Blenheim Palace. Palatial baroque-style mansion built between 1705-1722 by Sir John Vanbrugh
and given by Queen Anne to to the Duke of Marlborough for his defeat of Louis XIV. It has
remained the private home of the Marlborough Family ever since. It has a 2000-acres park with
terraced water gardens laid our by landscape designer Capability Brown. Sir Winston Churchill,
the British wartime leader, was born here in 1874.
Stratford On Avon
Apart from its historic association with William Shakespeare – though born there he didn’t actually
live there but spent his time in London – the town is worth visiting for two reasons. The Royal
Shakespeare Theatre where you can enjoy the bard’s plays performed by this famous theatrical
company, and the quaint Tudor buildings such as Shakespeare’s Birthplace, Hall’s Croft (home to
William’s daughter), Nash’s House and New Place (the last chapter in his life), Anne Hathaway’s
cottage (a romantic setting) and Mary Arden’s Farm (the childhood home of Shakespeare’s
mother).
However, it is much more than that, a market town with more than 800 years of history containing
not only many buildings that survive today and would have been familiar to Shakespeare, but also
a thriving community offering a wide variety of leisure and shopping experiences.
Shakespeare’s Birthplace The half-timbered house where William Shakespeare was born in 1564
is Stratford’s most cherished historic place. It is the most frequently visited of all the tourist places.
Descendants of the dramatist lived there until the nineteenth century, and it has been a place of
pilgrimage for over 250 years.

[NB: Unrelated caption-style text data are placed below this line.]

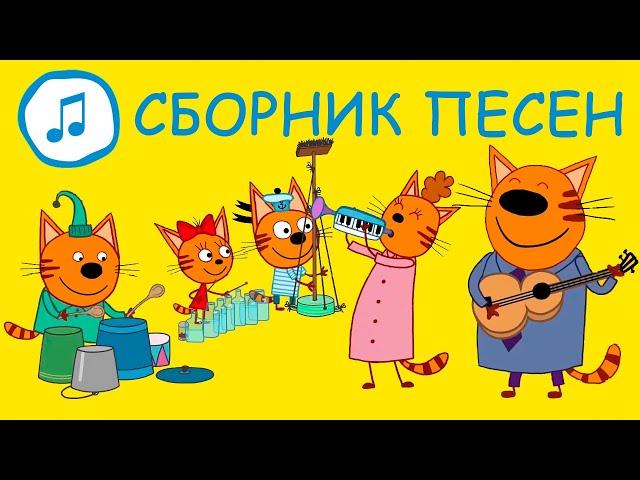 Три Кота | Большой сборник песен | Песни для детей | Караоке детские песни 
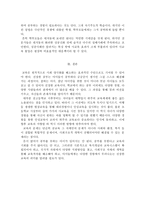 교육의 양극화, 개천에서 용 나기 힘들다 기사 반박 레포트 -교육의 양극화로 인한 사회-3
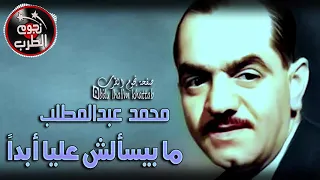 مابيسألش علياأبدا    محمد عبد المطلب دندنها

It’s also the place where the bard spent the first five years of
married life with Anne Hathaway.
New Place/Nash’s House New Place, Shakespeare’s home from 1597 until his death in 1616, was
pulled down in the eighteenth century but its foundations and grounds can be seen, including a
beautiful Elizabethan-style knott garden. The site is approached through Nash’s House adjoining,
which contains exceptional furnishings of Shakespeare’s period. The rooms on the lower level
include some early seventeenth century oak furniture. Upstairs, there is an exhibition dealing with
the history of Stratford-upon-Avon before and after Shakespeare.